You can combine personas with any complexity level — for example, a frustrated persona at complex complexity generates demanding multi-step requests.


Failure Categories

The generator targets 9 top-level failure categories, each with multiple subtypes. Each subtype has a severity rating (S1-Critical through S5-Cosmetic), detection hints, and real-world examples.

CategoryWhat it catchesExample subtypes
KnowledgeHallucinations, outdated info, self-contradictionsFactual Hallucination, Entity Confusion, Outdated Information
ReasoningLogic errors, calculation mistakes, planning failuresInvalid Inference, Arithmetic Mistake, Circular Reasoning
ContextLost conversation context, misinterpreted referencesContext Window Overflow, Positional Bias, Reference Misresolution
InstructionConstraint violations, partial execution, priority conflictsSystem Prompt Violation, Partial Execution, Conflicting Instructions
Tool UsageWrong tool, bad parameters, sequence violationsWrong Tool Selection, Parameter Hallucination, Skipped Steps
SafetyPrompt injection, guardrail bypass, unauthorized actionsDirect Injection, Jailbreak, PII Leakage
CommunicationUnhelpful, unclear, or inappropriate responsesRobotic Tone, Over-Verbose, Emotional Mismatch
OperationalTimeouts, rate limits, non-deterministic behaviorTimeout Handling, Rate Limit Handling, Non-Determinism
CoordinationMulti-agent deadlocks, lost handoffs, conflicting actionsHandoff Failure, Deadlock, Context Loss Between Agents

See Failure Taxonomy for the complete taxonomy reference with all 40+ subtypes, severity ratings, detection hints, and prevention strategies.


How to Use It

Dashboard: AI Generation Modal

Scenarios overview showing pass/fail status per agent

1

Select an agent and describe what to test

Navigate to Scenarios in the sidebar and click AI Generate.

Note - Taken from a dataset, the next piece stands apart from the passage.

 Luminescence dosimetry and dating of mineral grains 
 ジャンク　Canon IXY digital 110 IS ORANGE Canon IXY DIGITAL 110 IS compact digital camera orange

In the modal, select the agent you want to generate tests for, then describe the behavior you want to test.

AI Generate modal

2

Configure and generate

Optionally customize the generation settings or click Generate with defaults (5 test cases, moderate complexity). Click Customize & Generate to set the number of test cases, complexity level, and other options.

Configure generation parameters

The system produces test cases in 10-30 seconds, depending on count and complexity.

3

Review generated scenarios

Review the generated scenarios — click into any scenario to see its test cases, expected tools, tags, and pass/fail status.

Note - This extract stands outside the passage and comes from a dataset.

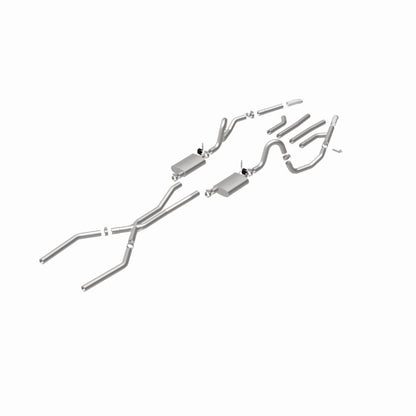 MagnaFlow Sys Cat-Back 68-72 GM A-Body Chevelle et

Scenario detail showing test cases with pass/fail status and expected tools


FAQ

How many test cases can I generate at once?

Up to 25 test cases per generation request. For large test suites, run multiple generation requests targeting different failure categories.

How long does generation take?

10-30 seconds depending on the number of test cases and complexity level.

Can I target specific failure patterns?

Yes. You can focus on any of the 9 categories. For example, asking to focus on safety failures will generate test cases targeting prompt injection, guardrail bypass, PII leakage, and other safety-related subtypes.

What if generation produces similar test cases?

Invarium automatically removes test cases that are too similar, comparing names, user messages, and tool sequences. If you are still seeing overlap, try generating smaller batches targeting different failure categories.

Do I need to write test cases manually?

Not usually. AI generation handles most cases. However, you can also create scenarios manually for specific edge cases you have identified, or edit AI-generated scenarios to refine the expected behavior.